■ INSTRUCTIONS TO FOLLOW ■
Only an exact repetition of the lines from the one holding "Volvo XC60 Lambda" to the end of the data is wanted, with pictures left out.

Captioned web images
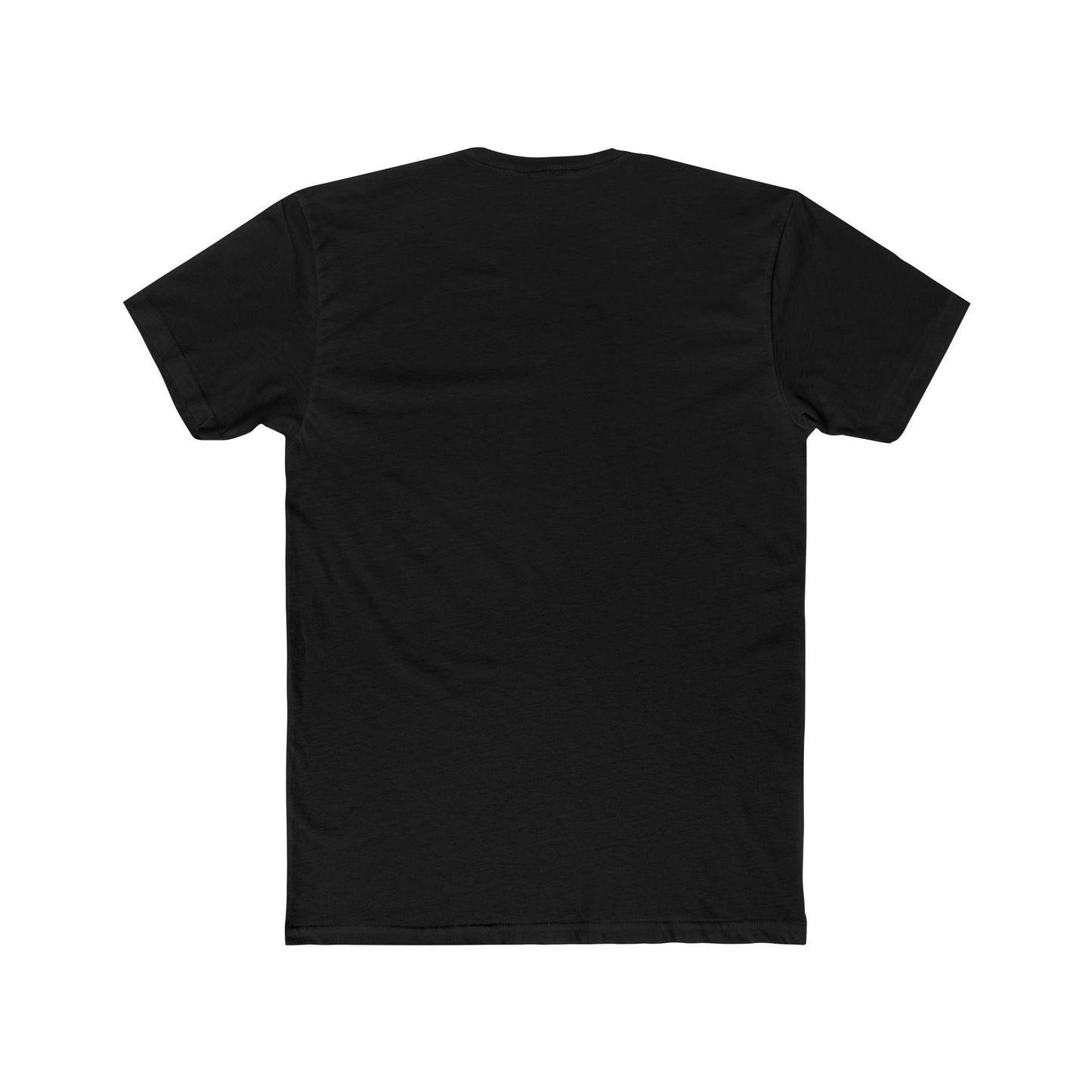 'WOKE UP AWESOME PT. 2' TEE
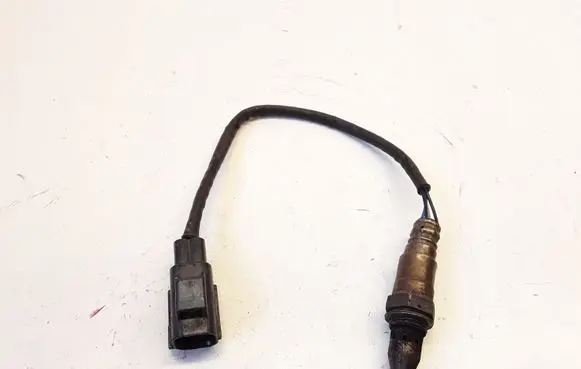 Volvo XC60 Lambda probe sensor 31319385 78HL132 54038AAA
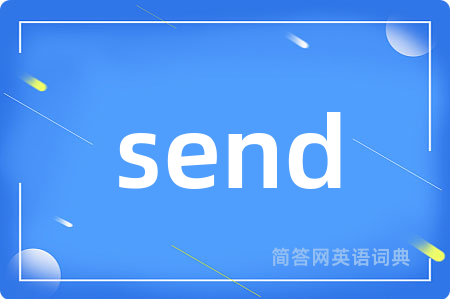 send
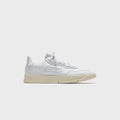 adidas SC Premiere - Cloud White / Power Green / Off White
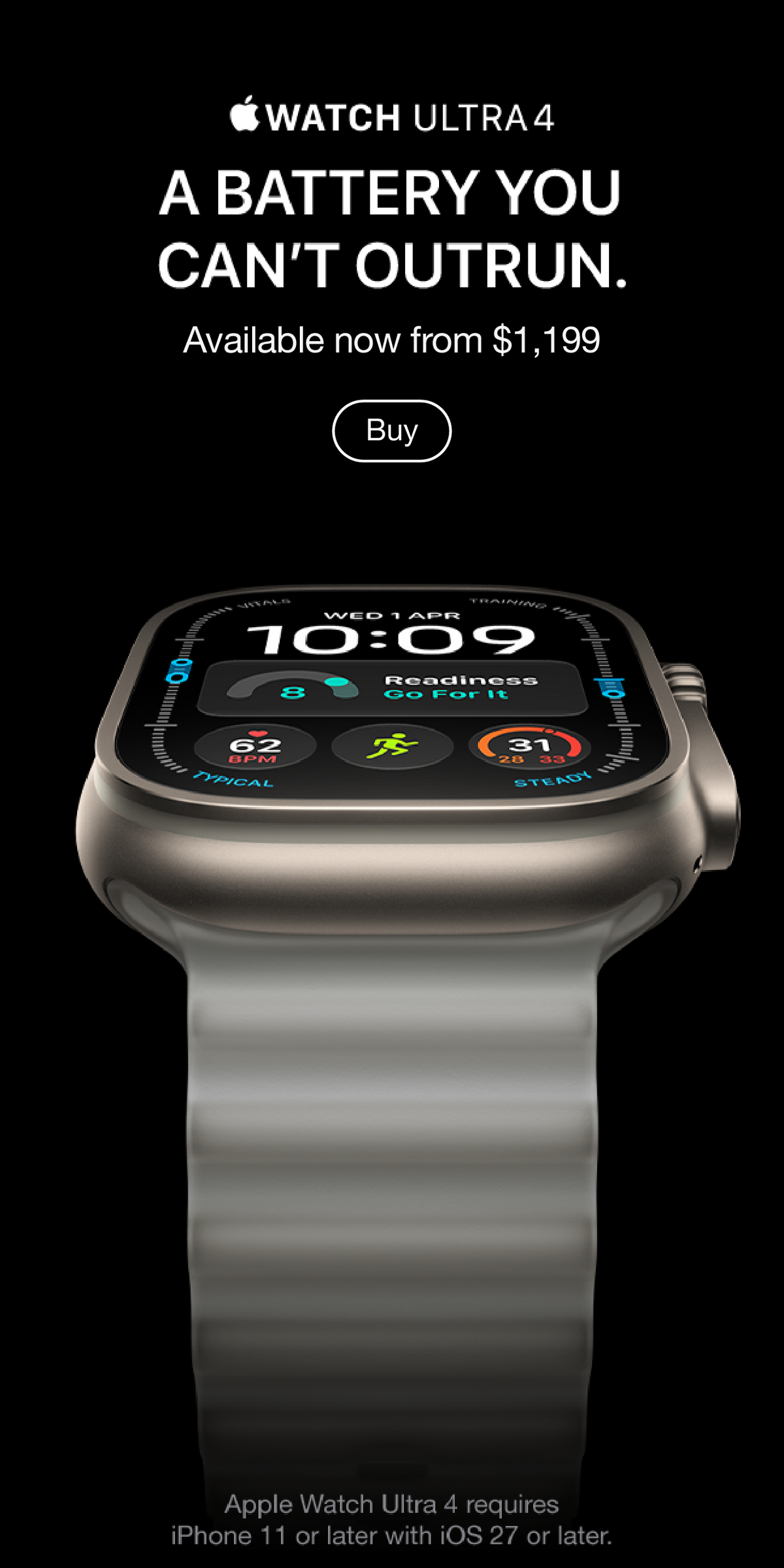 Apple_Sep_26_Watch_Ultra_4_Available_what_s_new_-_desktop_600_x_1200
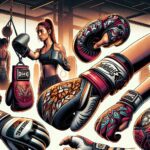 Veja aqui as melhores luvas de Muay Thai de 2024, tanto modelos femininos quanto masculinos. Saiba também como escolher as mais adequadas para você!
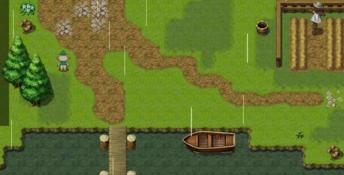 Niplheim's Hunter PC Screenshot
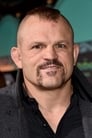 Chuck Liddell isNelson 'Nels' Salvatore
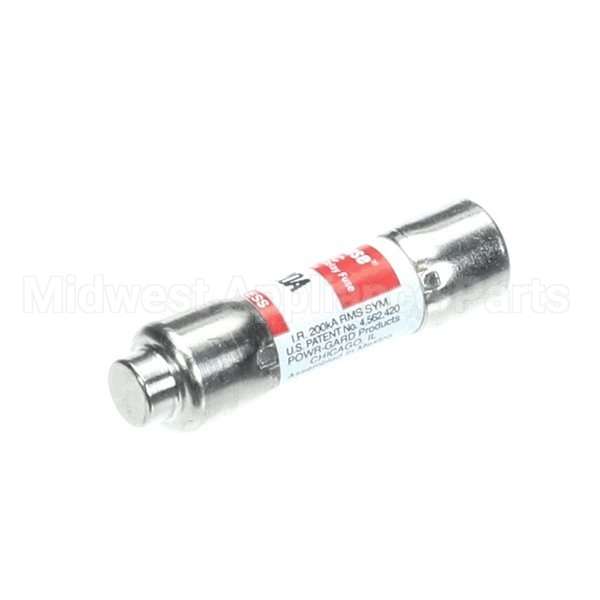 FE-025-50 Compatible Midwest Appliance Parts Fuse, 600V, 20A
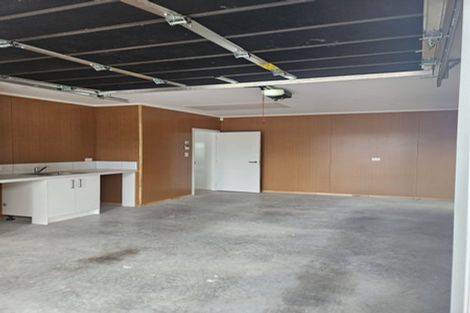 Photo of property in 172 College Street, Awapuni, Palmerston North, 4412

■ SOLUTION FOR THIS EXERCISE ■
 Volvo XC60 Lambda probe sensor 31319385 78HL132 54038AAA
 send
 adidas SC Premiere - Cloud White / Power Green / Off White
 Apple_Sep_26_Watch_Ultra_4_Available_what_s_new_-_desktop_600_x_1200
 Veja aqui as melhores luvas de Muay Thai de 2024, tanto modelos femininos quanto masculinos. Saiba também como escolher as mais adequadas para você!
 Niplheim's Hunter PC Screenshot
 Chuck Liddell isNelson 'Nels' Salvatore
 FE-025-50 Compatible Midwest Appliance Parts Fuse, 600V, 20A
 Photo of property in 172 College Street, Awapuni, Palmerston North, 4412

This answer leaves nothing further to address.